Anyone who knows me has come to learn that I am quite obsessed with the earliest history of the Delaware Valley. I’ve read John Watson’s three volume set, “Annals of Philadelphia” (and drew maps and took notes) twice and would read it again if I had time.
When I heard that archaeological excavations were being performed along busy I-95 in Philadelphia, I could barely contain myself. Where and when would the discovered artifacts be presented to the public?
The answer is the Museum of American Glass at Wheaton Arts and Cultural Center in Millville, New Jersey. But, hurry! The exhibition ends December 31, 2016.
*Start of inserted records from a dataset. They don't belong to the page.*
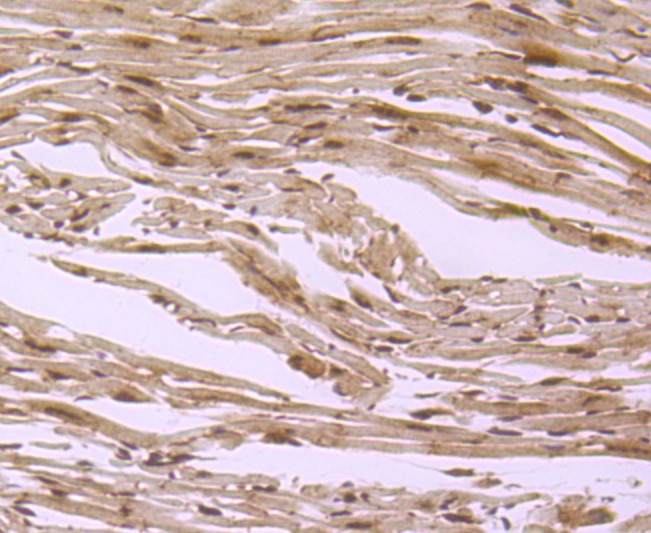 Anti-S1PR1 Antibody (9T480)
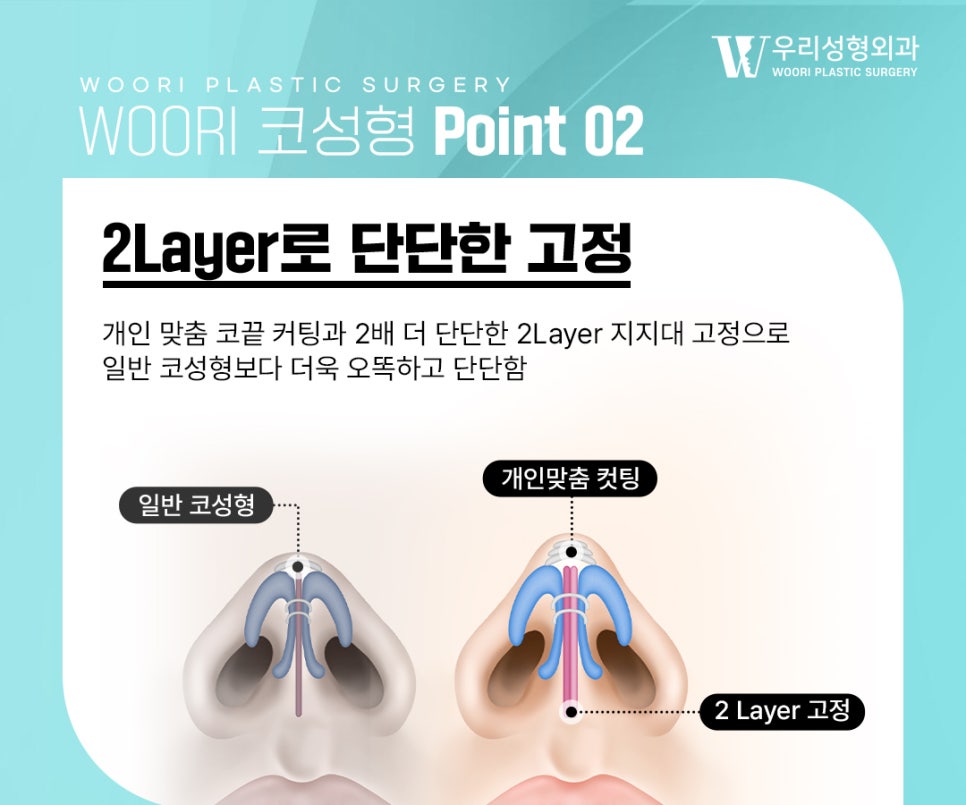 코재수술 흔들림과 휘어짐이 반복되는 이유 관련 이미지 3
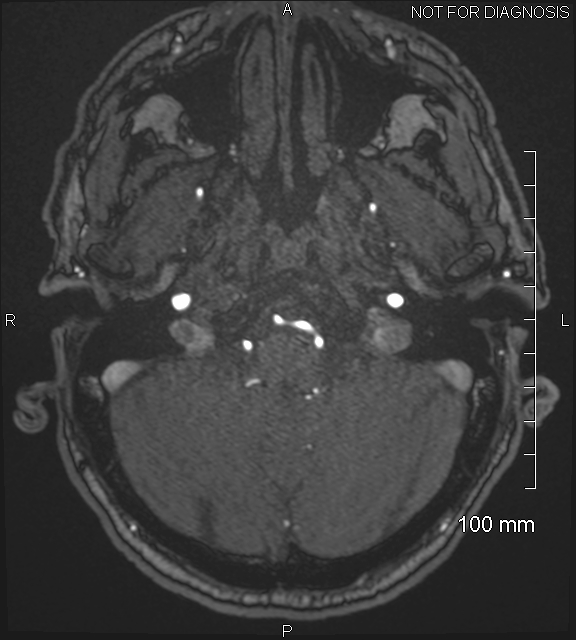 Anterior cerebral artery aneurysm (Radiopaedia 80683-94127 Axial MRA 35).jpg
This exhibition was everything I hoped it would be. Over 600 artifacts on display are placed in groups organized by first, contributions from Native Americans, then, potters and glassblowers, featuring the Dyottville Glass House in Philadelphia, then, fragments of household items from the late eighteenth to early twentieth centuries. I easily spent two hours reading the placards and examining the objects. There are maps and old photographs of the city. There are photographs of the dig itself and of the participants. There is a video on flint knapping demonstrated by Jack Cresson, local archaeologist. There is a scavenger hunt game for children within the exhibit. There really is something for everyone. Photography is permitted, which I appreciated since there is no accompanying catalog. Besides the exhibition is the excellent Museum of American Glass itself. It is a comprehensive and beautiful look at glass production through the years and is very informative. I highly recommend a visit for anyone interested in glass objects.
Another reason for my enthusiasm for this exhibition is that the Historical Society of Moorestown is also presenting an exhibition on early found objects in Moorestown. The title is, History Rocks! Interpreting the Archaeological Discoveries in Moorestown. The focus is on the earliest people who passed through the area and what they left behind. More details on this exhibit in my next blog post.
Native American Pipe Fragments 800 - 1500 AD
Stoneware debris with focus on the Remmey Pottery
Household items recovered from the dig
Dyottville Glass Works Washington-Taylor Flask
I love this glimpse into another time.......
Rare Blue Vase
On the left, a child's thimble. Imagine a little one working on her sampler.